# Gonna try this 10W6 one more time...



## UNBROKEN (Sep 25, 2009)

I'm really not liking it in the current .625 sealed enclosure running off 750 watts. 
When the volume goes up it just can't hang in there. On lower notes it "bangs" for lack of a better word. It's not a good noise. lol 
Can't decide on whether to try it in a larger sealed enclosure or build a ported one. 
I have no idea how to use modeling software but everyone says JL's sealed specs are on the small side. 
What would y'all recommend to try as far as a larger sealed box?
What about ported? JL's specs or something else?
It'll be running off a JL 1000/1

If this doesn't work I guess I'm gonna throw a pair of 13TW5's behind the seat but I'd hate to lose where the sub currently is between the front seats. 

Help me salvage what I already own please.


----------



## WhyUmad (Dec 18, 2010)

Larger than spec'd ported Ive heard them get loud and low

Don't really like the tw5's 8w7 ported will outperform them all day and get lower


----------



## farfromovin (Mar 30, 2011)

I have a 10w6v2 in roughly the same size sealed box off a HD750/1 and it sounds pretty good.
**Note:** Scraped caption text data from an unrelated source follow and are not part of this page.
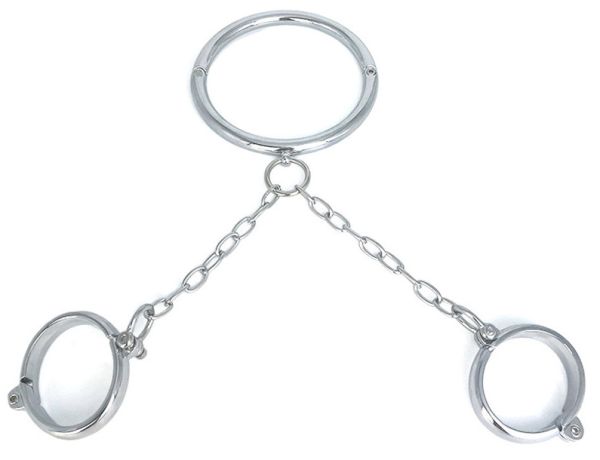 BDSMaster Neckop Halsband mit Handfesseln massiv 1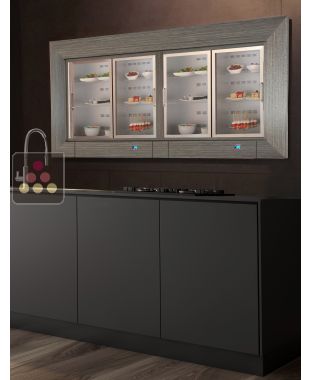 Combiné encastrable de 2 vitrines réfrigérées pour snacks et desserts - P36cm - Usage pro - Cadre droit CALICE DESIGN
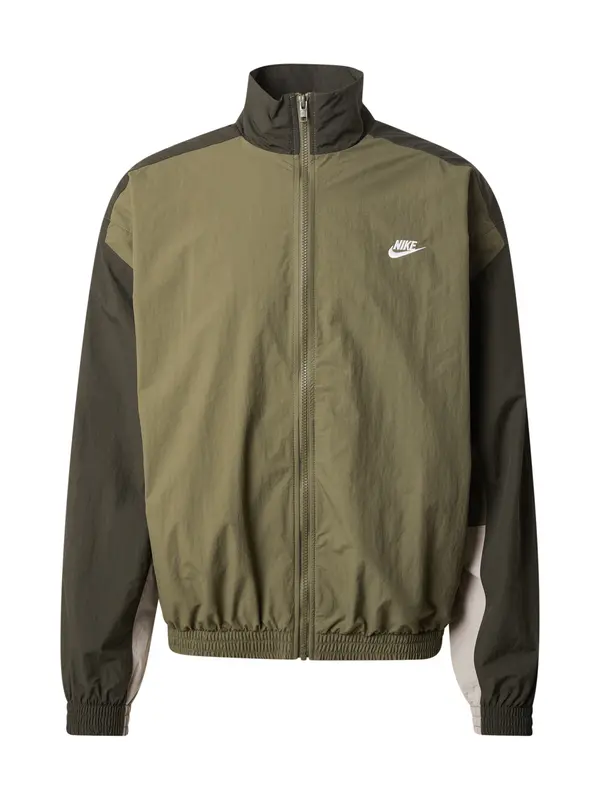 Nike Sportswear Nike Sportswear Prehodna jakna 'CLUB'  oliva / temno zelena / bela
Gets plenty low and loud IMO. I'll have to measure the box as it came with the woofer when I bought it used a couple weeks back. It's less than a cube though...


----------



## UNBROKEN (Sep 25, 2009)

Mine sounds great until I turn the volume up then on really low notes it makes this godaweful banging noise. I have to turn the sub volume down any time I want to get stupid with the volume knob.


----------



## OZSQL (Mar 16, 2009)

I had one in a .7 sealed with around 600 to it and it sounded great. The W6V2 to me is JL's best sounding sub.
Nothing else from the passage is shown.